50 Years of the Beatles
50 Years of the BeatlesAustin Convention Center, Thursday, March 14
First of all, there were only 13 years. Nevertheless, the point of this Grammy Museum-organized meeting of the minds – moderator Bob Santelli from the museum, rock journalist Bill Flanagan, and widely spanning singer-songwriters Robyn Hitchcock, Rodney Crowell, and Ron Sexsmith – was to concentrate on the seven years that the Fab Four took America by storm (1964-1970), which of course upended the Sixties, then the world. Sexsmith mused they were likely the first band-as-gang, with pop previously dominated by solo artists (Sinatra, Presley). Flanagan saliently pointed out that America was presented with the Beatles fully realized in '64, the two years' work that went into their conquering England already behind them. Crowell asserted, and everyone agreed, that Sgt.

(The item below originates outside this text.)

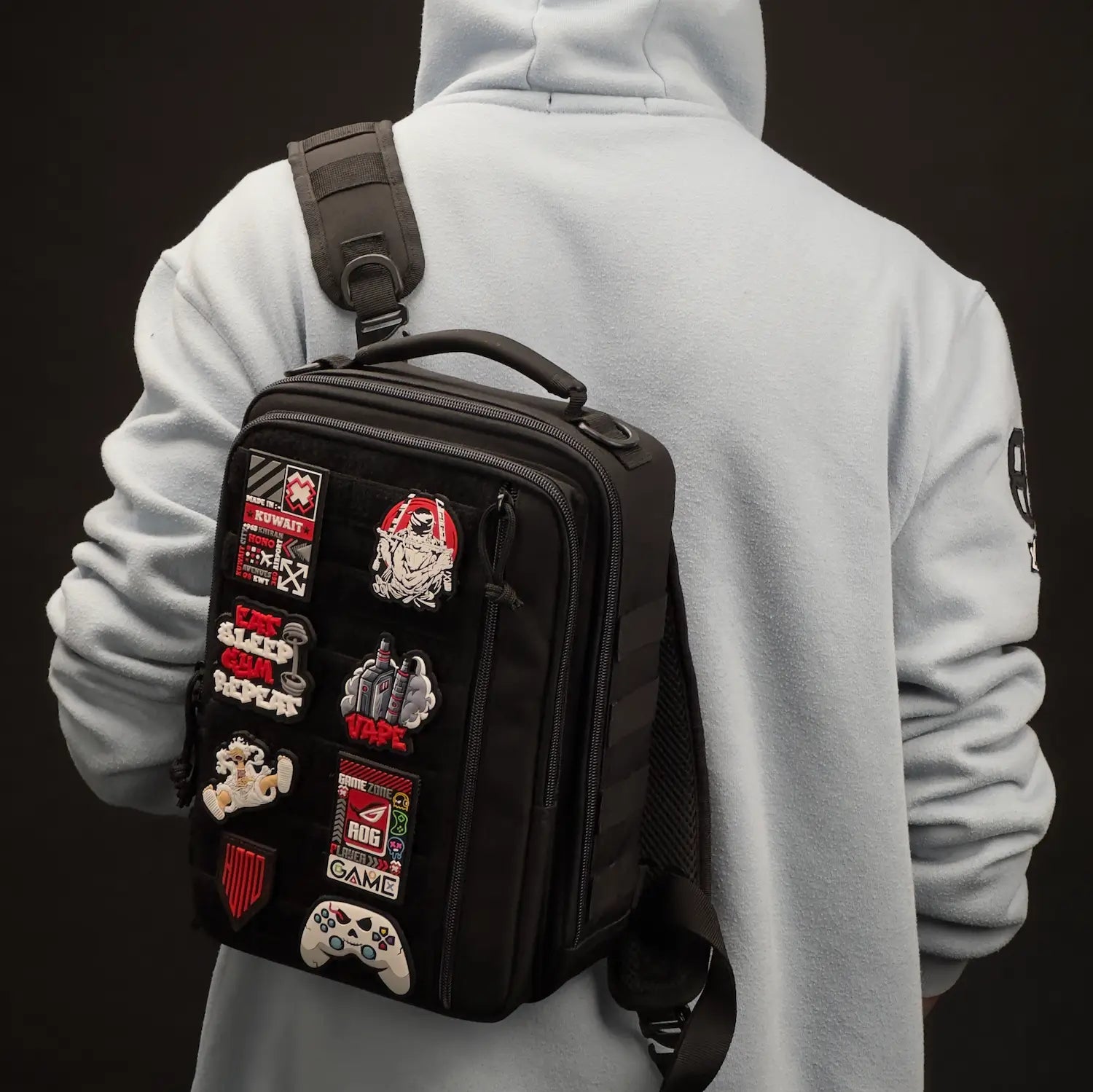 RUSH V2 BLACK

Pepper wasn't their best album, while Hitchcock, who frequently had the smartest and wittiest observations, said of the Beatles vs. Stones debate: "The Beatles were about love. The Stones were about sex. You don't get the Stones until you're a teenager, and all those hormones kick in!" Hitchcock ultimately summed it up: "The Beatles are now our folk music. Kids grow up with them."